The Earth’s lithosphere, which includes the crust and upper mantle, is made up of a series of pieces, or tectonic plates, that move slowly over time.
A divergent boundary occurs when two tectonic plates move away from each other. Along these boundaries, earthquakes are common and magma (molten rock) rises from the Earth’s mantle to the surface, solidifying to create new oceanic crust. The Mid-Atlantic Ridge is an example of divergent plate boundaries.
When two plates come together, it is known as a convergent boundary. The impact of the colliding plates can cause the edges of one or both plates to buckle up into a mountain ranges or one of the plates may bend down into a deep seafloor trench. A chain of volcanoes often forms parallel to convergent plate boundaries and powerful earthquakes are common along these boundaries. The Pacific Ring of Fire is an example of a convergent plate boundary.
At convergent plate boundaries, oceanic crust is often forced down into the mantle where it begins to melt. Magma rises into and through the other plate, solidifying into granite, the rock that makes up the continents. Thus, at convergent boundaries, continental crust is created and oceanic crust is destroyed.

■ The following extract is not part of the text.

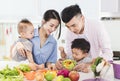 Happy family preparing dinner with healthy  food in kitchen Royalty Free Stock Photo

Two plates sliding past each other forms a transform plate boundary. One of the most famous transform plate boundaries occurs at the San Andreas fault zone, which extends underwater. Natural or human-made structures that cross a transform boundary are offset—split into pieces and carried in opposite directions. Rocks that line the boundary are pulverized as the plates grind along, creating a linear fault valley or undersea canyon. Earthquakes are common along these faults. In contrast to convergent and divergent boundaries, crust is cracked and broken at transform margins, but is not created or destroyed.